I haven’t found an official psychological definition of the Outsider Complex, but I think it does exist in those circles. Maybe the phrase seems common sense enough that nobody feels the need to define it somewhere. You can tell what I mean by it already, right? The occasionally overwhelming obsession of being an outsider, which sometimes means either putting oneself in a position of being an outsider (be that consciously or unconsciously) and often lamenting “not fitting in” or not being part of the status quo.

Well, let me tell you something: the status is not quo. It seems like just about every marginalized group has their own sense of the Outsider Complex, but I think queers are susceptible to it in our own ways. Especially genderqueer queers. Especially kinky genderqueer queers. Especially kinky genderqueer queers who grew up in a place that insisted, over and over and over, that fitting in, climbing the social or corporate ladder, following along on the assembly line, is the only way to live one’s life.

And as usual, I believe that if we can name something, define it, study it’s parameters, that when it comes up in our own lives, it will feel easier to deal with, because we have some sort of Big Emotional Reaction and we can point our finger and say, “Outsider complex,” take a breath, and have some sort of context for what’s happening. I believe that making the process conscious will improve it.

I’ve been talking about the Outsider Complex a lot lately. Everybody’s got their own version of it, I think—even most straight white Christian republican cis guys, I would argue, still get their own healthy dose of it, perhaps it’s just an inevitable side-product of this individualist culture. But it’s been coming up for me because Kristen’s version of it and my version are very different. And sometimes, that has created some tension between us, because I just didn’t get where she was coming from.

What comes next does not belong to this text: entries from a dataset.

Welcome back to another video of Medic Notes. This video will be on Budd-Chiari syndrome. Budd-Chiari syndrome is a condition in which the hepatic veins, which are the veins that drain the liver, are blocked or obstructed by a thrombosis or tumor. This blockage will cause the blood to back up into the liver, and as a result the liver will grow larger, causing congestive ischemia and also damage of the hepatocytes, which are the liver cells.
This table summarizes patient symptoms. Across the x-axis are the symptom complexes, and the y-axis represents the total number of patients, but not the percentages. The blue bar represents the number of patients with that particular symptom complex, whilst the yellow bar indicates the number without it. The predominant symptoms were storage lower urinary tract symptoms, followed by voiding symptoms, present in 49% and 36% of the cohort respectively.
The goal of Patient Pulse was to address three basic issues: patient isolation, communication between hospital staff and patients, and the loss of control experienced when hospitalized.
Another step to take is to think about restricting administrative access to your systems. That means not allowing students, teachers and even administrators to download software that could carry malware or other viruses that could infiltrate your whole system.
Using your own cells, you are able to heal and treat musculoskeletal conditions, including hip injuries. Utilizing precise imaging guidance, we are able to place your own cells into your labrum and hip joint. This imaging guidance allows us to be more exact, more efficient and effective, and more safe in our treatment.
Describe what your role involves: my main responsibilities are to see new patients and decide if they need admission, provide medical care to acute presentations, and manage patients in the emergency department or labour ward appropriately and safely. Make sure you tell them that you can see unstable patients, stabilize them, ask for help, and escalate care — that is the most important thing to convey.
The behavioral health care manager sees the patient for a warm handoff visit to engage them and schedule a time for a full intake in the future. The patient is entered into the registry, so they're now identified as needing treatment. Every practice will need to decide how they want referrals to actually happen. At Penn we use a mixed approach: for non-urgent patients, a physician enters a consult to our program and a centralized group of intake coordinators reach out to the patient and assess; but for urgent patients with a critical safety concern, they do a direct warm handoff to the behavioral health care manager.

See, I grew up in Southeast Alaska. If you’ve been following along with my column Mr. Sexsmith’s Other Girlfriend, you know all about it; I’ve been writing about my relationships with places a lot over there. Not only did I grow up very much outside of suburbia, American cities, and even American farmland, I also grew up with hippie parents who don’t buy much into pop culture, I grew up vegetarian, I grew up with a lot of pagan influences. Combine that with my particularly unique name, and just those factors alone gave me a sense that I was different from the time I was little. But instead of feeling like that was a problem, I saw it as a badge of uniqueness. I like being different. I like being outside of mainstream culture.

So yeah, I do have an outsider complex, but it acts a bit differently than other people’s—in particular, than Kristen’s—and different than what I observe in the queer communities as a whole. Generally, I think the outside complex works more as a badge of shame, thinking ourselves inferior because we don’t fit it.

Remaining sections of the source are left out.